I have no clue if this would do anything, but I wonder if a spray can of clearcoat would work?


----------



## bsk72512 (Dec 12, 2005)

That is a good question. As the blood dries it gets darker and you can if left on its own still see it years later. I have an arrow I took my first moose with and the blood is still evident 9 years later. A light coat of an acrylic clear sealer sprayed on might preserve it longer. Good luck on this one.

2C


----------



## btcruiser (May 26, 2007)

The blood is already getting darker as time has passed. If you touch the arrow, blood does come off now. I thought about spraying it with clear coat, but is it worth the risk that it will damage the arrow or existing blood? Has anyone tried this technique?


----------



## bsk72512 (Dec 12, 2005)

Acrylic is water Based so no damage to arrow, If you shoot it with a semi dry coat first it should hold fast the blood. Let it dry and the give it a finish coat.
I would try a small spot on the arrow to test.
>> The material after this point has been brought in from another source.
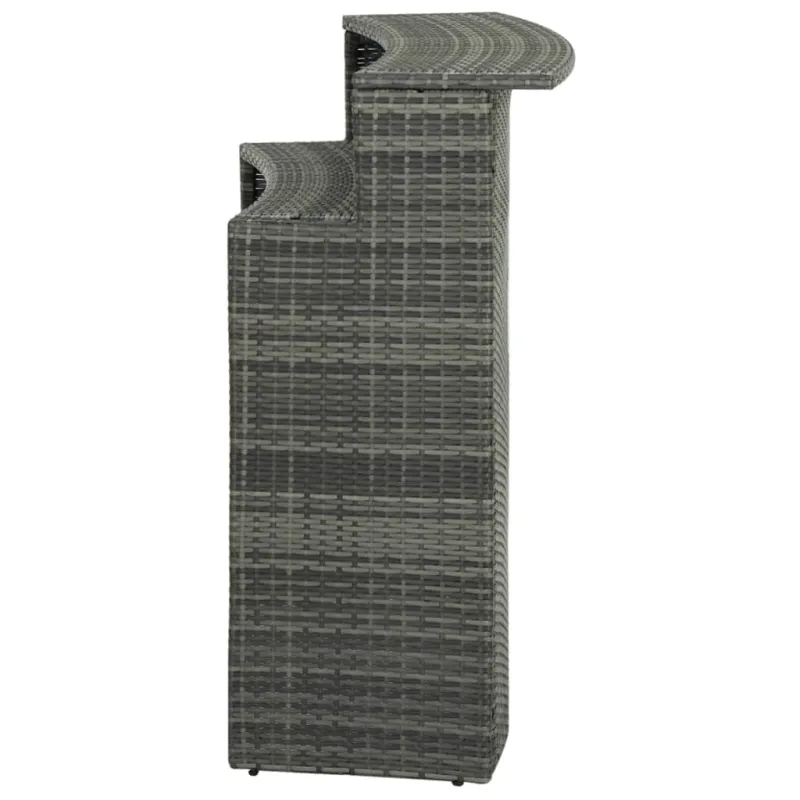 Sodo baaripöytä, harmaa, 120x55x110cm, polyrattana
Semi Gloss would show best I would think.


----------



## TLong (Jan 12, 2009)

I wonder if you were to frame it in like a shadow box type deal, if that would either slow or stop the fading? Then you could put the "shadow box" under your mount or just hang it. Not sure about the acrylic. One of those "It looked good on paper" type things.


----------



## btcruiser (May 26, 2007)

I don't think a shadow box would do the trick, unless it's air tight. I think I'm going to try the acylic today and see what happens. I'll post my results later for everyone who might want to do this in the future.


----------



## bsk72512 (Dec 12, 2005)

Reason why I said try the acrylic is I once had to do a Long Eared Owl Mount. The bird had been hit by a car and the Vole that it had killed was still in its talons with blood on them. Bird was very clean and needed little to no washing basically white gas to give it shine once mounted. I used the water based clear on the talons to preserve the blood look as I also mounted the Vole in its talons using the same death holes created when the owl grabbed him. 

Again Try a small spot first to see if it will work.

Good Luck


----------



## btcruiser (May 26, 2007)

The acrylic clear spray worked great. The only thing I would change is I would use the matte finish instead on the gloss. The glass makes the arrow look fake, the matte would have made it look more natural.


----------



## scrapewatcher (Apr 14, 2009)

btcruiser said:


> The acrylic clear spray worked great. The only thing I would change is I would use the matte finish instead on the gloss. The glass makes the arrow look fake, the matte would have made it look more natural.


spray a light coat of matt over the simigloss and it will distort the simigloss and it will not look so glossy.


----------



## Fletcher43 (Aug 30, 2005)

*blood*

should have put some deer (or bear) blood on a different arrow and did some good old fashion experiementing!!(something to think about)


----------